The lender predicts that when rates do eventually go up, New Zealand will experience a "mild" tightening cycle, peaking at just 2.75% from late 2021. The predictions, off the back of more bullish Reserve Bank language and strong economic data, are likely to be welcomed by Kiwi homeowners and investors fearing a rapid OCR increase.
ASB's has pushed back its prediction for an OCR increase by six months. It believes rates will begin to rise in August 2020.
Nick Tuffley, Chief Economist at ASB, said: "This reflects our judgement that the growth and medium-term inflation outlook will not be strong enough to clear the high hurdle necessary to trigger an OCR hike.

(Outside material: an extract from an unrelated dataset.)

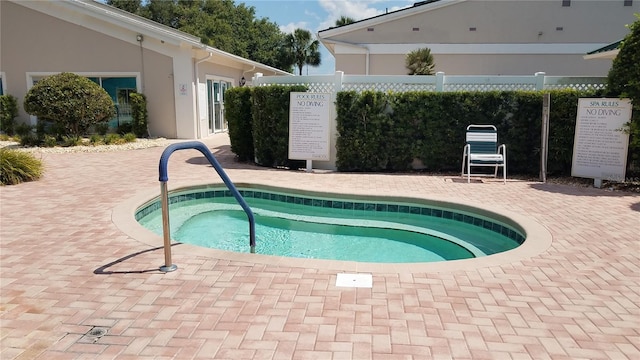 view of swimming pool with a community hot tub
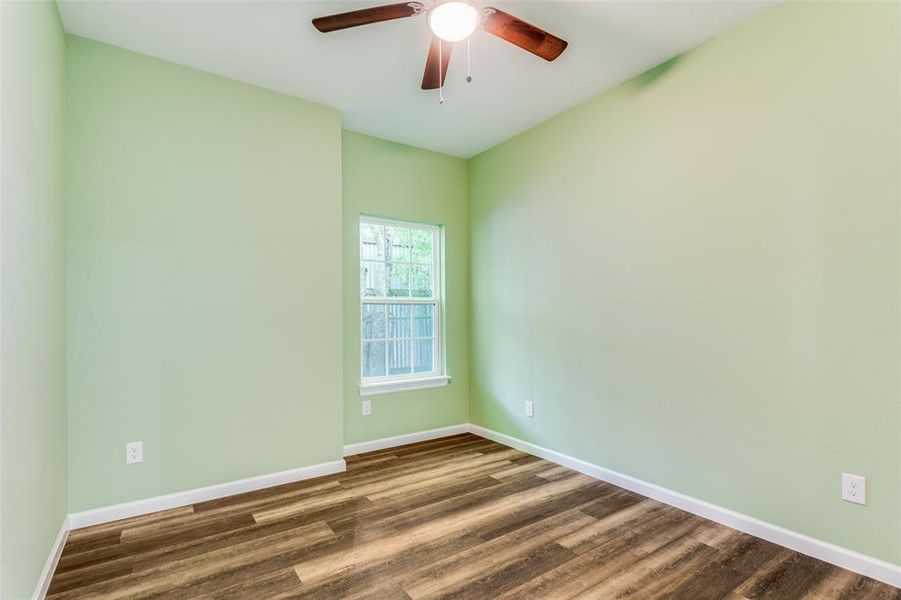 Unfurnished room featuring wood-type flooring and ceiling fan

"The team expects a very mild RBNZ tightening cycle peaking at just 2.75% from late 2021. “This is because the RBNZ will be mindful of not getting policy settings too far out of sync with other central banks,” Tuffley added.
For the near term, ASB warned rising costs could be passed on to Kiwi consumers,slowing economic growth. Tuffley added: "Rising costs for necessitates (fuel, rent and food) are putting the squeeze on households, particularly those with less disposable income and tighter budgets. Areas of the economy that are exposed to discretionary spending are likely to be vulnerable in the short term.”

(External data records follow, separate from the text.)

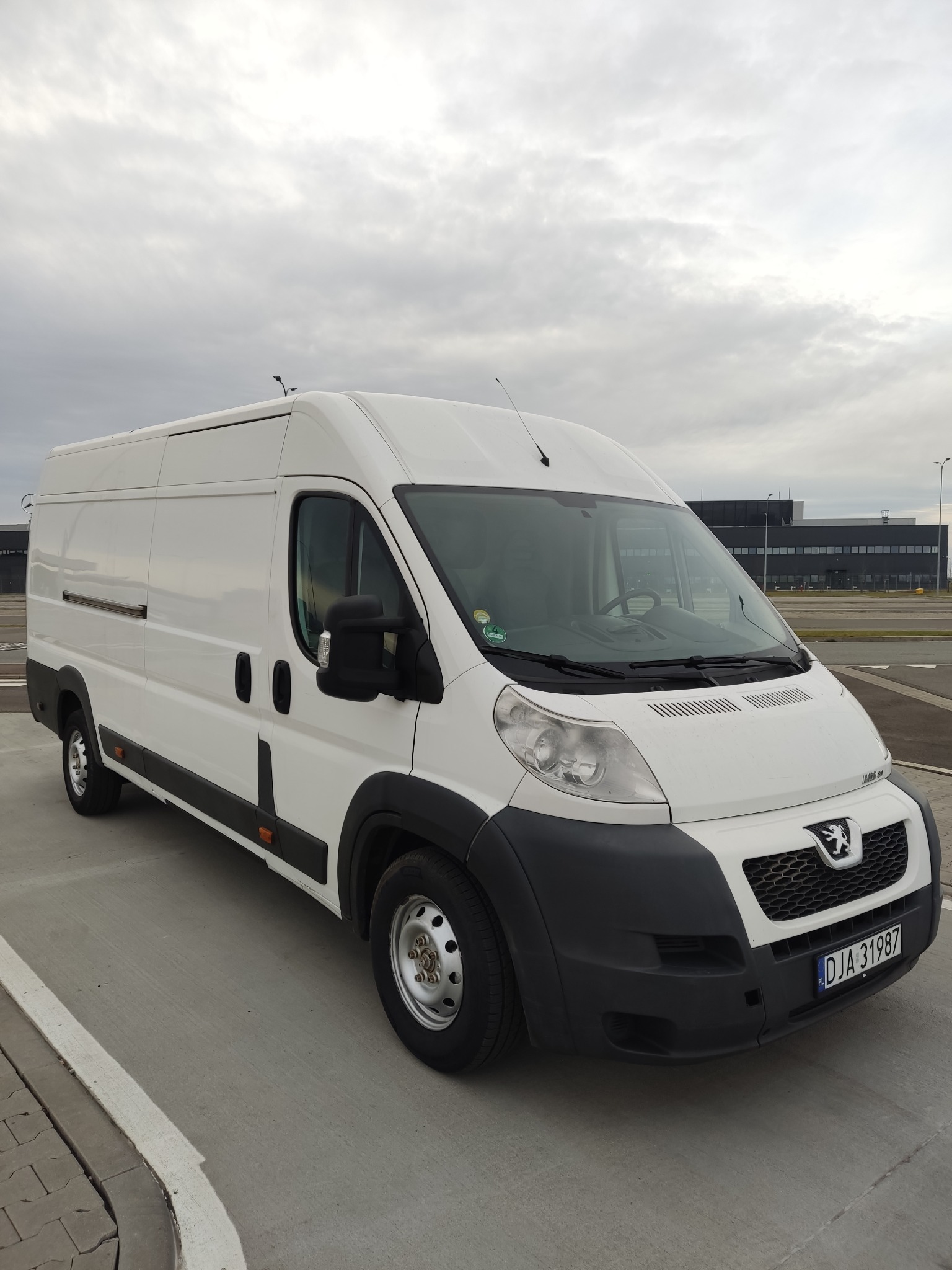 Biały Peugeot Boxer na parkingu lotniskowym, widok z przodu, pochmurne niebo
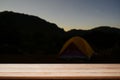 Empty table montage with Camping tent mountain view and star with night time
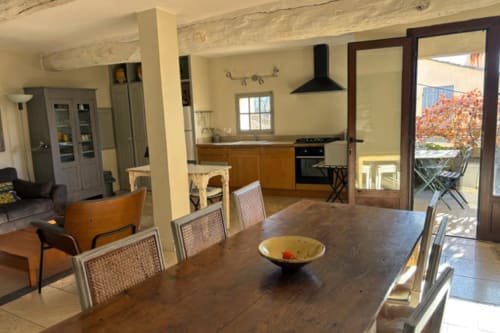 Modern kitchen and dining area in Lourmarin apartment with terrace view of Chateau and autumn foliage
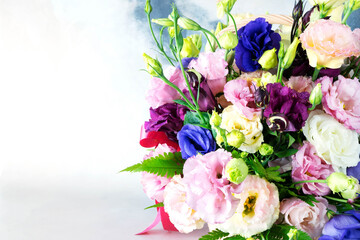 Beautiful flower arrangement of fresh multicolored roses. There are drops of water on the petals of flowers. Holiday concept: wedding, women's day, mother's day, valentine's day. Close-up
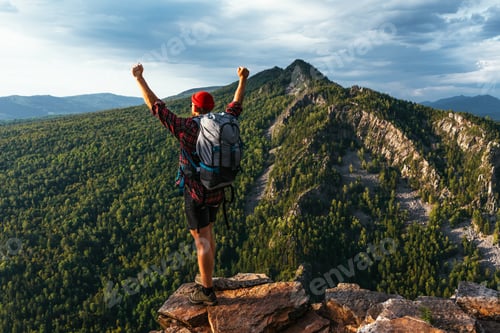 Preview: A man with a backpack in the mountains at sunset, rear view. A trip to the mountains with a backpack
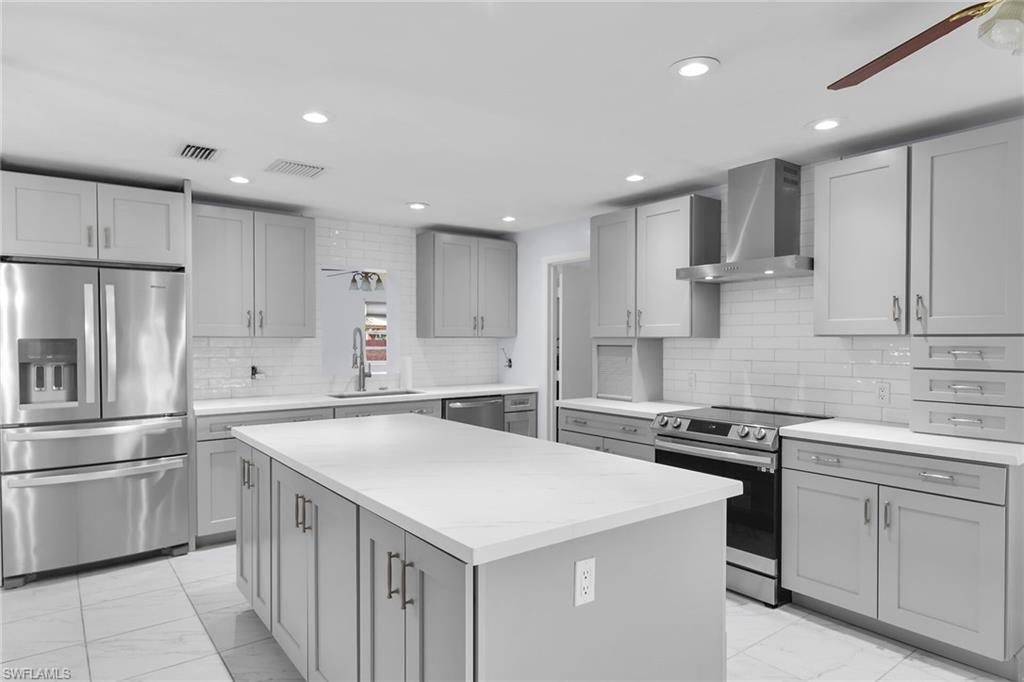 4502 22nd Place Southwest Naples, FL 34116 - Photo 7 of 30 Kitchen with stainless steel appliances, a ceiling fan, gray cabinets, wall chimney exhaust hood, and light marble finish flooring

He added: “If firms find demand is not strong enough to absorb higher prices, economic growth and core inflation could slow over the next six months.”
The bullish medium term outlook comes as a host of banks moved to slash their interest rates to record lows last weeks. Major lenders including BNZ and ANZ slashed one year fixed rates to below 4%, levels barely experienced in the post-war era.